■ Dataset records:
------------------------------------
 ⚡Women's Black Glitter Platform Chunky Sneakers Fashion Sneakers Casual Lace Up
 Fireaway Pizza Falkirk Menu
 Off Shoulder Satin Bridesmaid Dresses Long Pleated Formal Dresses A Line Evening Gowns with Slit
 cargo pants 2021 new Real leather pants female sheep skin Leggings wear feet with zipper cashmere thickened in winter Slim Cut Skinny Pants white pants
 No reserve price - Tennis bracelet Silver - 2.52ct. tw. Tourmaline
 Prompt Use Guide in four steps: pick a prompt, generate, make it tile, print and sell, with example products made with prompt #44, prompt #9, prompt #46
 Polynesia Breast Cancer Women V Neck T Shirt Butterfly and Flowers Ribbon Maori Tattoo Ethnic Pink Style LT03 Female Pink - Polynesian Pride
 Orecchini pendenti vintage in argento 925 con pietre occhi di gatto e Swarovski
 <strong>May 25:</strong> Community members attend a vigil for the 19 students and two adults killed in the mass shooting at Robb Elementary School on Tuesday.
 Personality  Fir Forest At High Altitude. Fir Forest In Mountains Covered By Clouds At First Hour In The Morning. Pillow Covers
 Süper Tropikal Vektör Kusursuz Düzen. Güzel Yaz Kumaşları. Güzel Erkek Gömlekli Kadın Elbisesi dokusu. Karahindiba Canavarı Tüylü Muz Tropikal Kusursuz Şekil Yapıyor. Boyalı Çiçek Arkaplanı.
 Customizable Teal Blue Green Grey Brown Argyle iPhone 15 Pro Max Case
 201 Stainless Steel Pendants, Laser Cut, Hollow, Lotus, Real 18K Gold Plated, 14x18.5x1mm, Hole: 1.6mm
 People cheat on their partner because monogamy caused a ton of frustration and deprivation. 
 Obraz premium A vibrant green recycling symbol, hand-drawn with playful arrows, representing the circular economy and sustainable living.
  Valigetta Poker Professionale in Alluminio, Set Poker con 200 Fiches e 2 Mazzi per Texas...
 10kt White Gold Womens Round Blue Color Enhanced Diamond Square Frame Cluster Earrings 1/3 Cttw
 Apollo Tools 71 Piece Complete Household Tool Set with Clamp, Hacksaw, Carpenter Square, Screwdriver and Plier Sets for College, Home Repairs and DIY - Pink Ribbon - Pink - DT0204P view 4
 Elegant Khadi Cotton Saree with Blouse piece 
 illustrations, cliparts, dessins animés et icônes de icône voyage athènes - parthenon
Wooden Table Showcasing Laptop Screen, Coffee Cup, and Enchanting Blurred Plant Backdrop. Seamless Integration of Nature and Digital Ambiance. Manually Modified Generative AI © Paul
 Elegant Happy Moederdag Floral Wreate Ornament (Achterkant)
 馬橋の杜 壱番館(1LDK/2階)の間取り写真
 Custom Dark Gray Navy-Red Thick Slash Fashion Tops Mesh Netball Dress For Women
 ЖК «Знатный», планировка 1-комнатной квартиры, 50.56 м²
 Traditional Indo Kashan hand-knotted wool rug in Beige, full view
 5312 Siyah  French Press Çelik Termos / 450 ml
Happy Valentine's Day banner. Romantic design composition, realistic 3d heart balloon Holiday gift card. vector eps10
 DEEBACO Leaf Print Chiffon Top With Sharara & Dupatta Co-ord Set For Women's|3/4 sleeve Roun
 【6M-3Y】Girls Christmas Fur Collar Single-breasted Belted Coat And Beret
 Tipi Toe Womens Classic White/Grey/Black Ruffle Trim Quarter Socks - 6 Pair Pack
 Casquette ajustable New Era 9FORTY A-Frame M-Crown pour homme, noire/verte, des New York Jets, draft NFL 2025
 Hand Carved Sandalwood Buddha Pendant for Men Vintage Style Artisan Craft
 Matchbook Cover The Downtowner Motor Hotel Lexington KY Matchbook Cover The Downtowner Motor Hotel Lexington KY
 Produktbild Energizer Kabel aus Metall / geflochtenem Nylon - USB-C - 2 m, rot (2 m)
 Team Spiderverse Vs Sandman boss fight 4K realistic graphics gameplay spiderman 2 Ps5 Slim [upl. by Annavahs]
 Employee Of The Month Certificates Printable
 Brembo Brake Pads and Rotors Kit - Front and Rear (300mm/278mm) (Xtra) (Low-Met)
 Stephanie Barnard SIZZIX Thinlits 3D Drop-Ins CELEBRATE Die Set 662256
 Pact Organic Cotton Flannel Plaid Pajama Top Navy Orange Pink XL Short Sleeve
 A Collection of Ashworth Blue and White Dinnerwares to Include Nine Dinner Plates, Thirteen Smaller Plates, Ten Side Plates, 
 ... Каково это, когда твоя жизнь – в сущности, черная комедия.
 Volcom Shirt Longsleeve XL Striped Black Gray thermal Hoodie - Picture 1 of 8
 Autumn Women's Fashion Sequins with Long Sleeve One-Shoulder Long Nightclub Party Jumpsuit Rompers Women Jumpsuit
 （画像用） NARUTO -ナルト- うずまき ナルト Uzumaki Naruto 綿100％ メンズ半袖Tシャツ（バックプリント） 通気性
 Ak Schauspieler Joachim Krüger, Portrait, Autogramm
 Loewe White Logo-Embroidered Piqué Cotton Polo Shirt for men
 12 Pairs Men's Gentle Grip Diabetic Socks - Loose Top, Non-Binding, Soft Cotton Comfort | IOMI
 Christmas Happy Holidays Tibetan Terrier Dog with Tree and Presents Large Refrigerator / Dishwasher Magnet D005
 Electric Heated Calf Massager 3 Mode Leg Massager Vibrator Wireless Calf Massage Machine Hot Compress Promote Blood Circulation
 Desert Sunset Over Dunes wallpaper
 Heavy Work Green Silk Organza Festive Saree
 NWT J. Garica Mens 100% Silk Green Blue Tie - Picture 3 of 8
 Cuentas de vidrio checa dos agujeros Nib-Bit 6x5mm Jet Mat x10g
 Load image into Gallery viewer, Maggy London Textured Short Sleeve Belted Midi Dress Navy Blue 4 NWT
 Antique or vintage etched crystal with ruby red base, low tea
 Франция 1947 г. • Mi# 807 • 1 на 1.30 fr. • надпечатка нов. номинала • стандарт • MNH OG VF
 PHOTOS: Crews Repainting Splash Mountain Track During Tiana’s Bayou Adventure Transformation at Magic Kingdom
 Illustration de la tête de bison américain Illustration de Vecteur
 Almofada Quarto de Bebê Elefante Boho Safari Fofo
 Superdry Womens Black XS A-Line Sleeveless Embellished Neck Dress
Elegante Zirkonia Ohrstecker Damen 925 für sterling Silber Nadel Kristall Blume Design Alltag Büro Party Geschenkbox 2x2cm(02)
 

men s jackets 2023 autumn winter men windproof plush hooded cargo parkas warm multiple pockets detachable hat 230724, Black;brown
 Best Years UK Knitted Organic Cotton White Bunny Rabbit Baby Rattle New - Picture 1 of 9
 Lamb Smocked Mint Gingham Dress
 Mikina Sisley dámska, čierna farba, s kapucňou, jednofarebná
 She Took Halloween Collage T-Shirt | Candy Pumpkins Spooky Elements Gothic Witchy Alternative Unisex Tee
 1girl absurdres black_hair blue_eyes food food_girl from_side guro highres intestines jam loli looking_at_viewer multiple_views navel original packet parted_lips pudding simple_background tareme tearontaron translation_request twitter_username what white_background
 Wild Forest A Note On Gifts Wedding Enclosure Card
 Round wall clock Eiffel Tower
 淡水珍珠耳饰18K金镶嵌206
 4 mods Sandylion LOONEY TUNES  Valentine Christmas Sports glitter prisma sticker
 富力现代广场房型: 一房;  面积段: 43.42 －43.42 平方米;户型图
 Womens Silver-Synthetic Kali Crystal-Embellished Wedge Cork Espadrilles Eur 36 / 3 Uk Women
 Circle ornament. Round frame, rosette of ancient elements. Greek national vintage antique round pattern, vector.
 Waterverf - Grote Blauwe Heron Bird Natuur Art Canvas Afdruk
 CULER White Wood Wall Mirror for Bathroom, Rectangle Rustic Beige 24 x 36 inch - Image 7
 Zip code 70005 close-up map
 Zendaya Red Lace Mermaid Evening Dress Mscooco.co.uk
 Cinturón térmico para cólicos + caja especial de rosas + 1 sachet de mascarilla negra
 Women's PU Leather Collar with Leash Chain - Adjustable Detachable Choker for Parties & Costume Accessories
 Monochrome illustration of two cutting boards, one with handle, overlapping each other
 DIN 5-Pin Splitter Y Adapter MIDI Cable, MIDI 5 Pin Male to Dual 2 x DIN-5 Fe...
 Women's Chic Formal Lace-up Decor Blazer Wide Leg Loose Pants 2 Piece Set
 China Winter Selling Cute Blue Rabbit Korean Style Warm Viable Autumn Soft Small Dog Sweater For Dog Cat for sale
------------------------------------
■ Assigned task: Each line above holding the word "Pink" counts; reply with how many there are, only the number.

■ Final answer: 3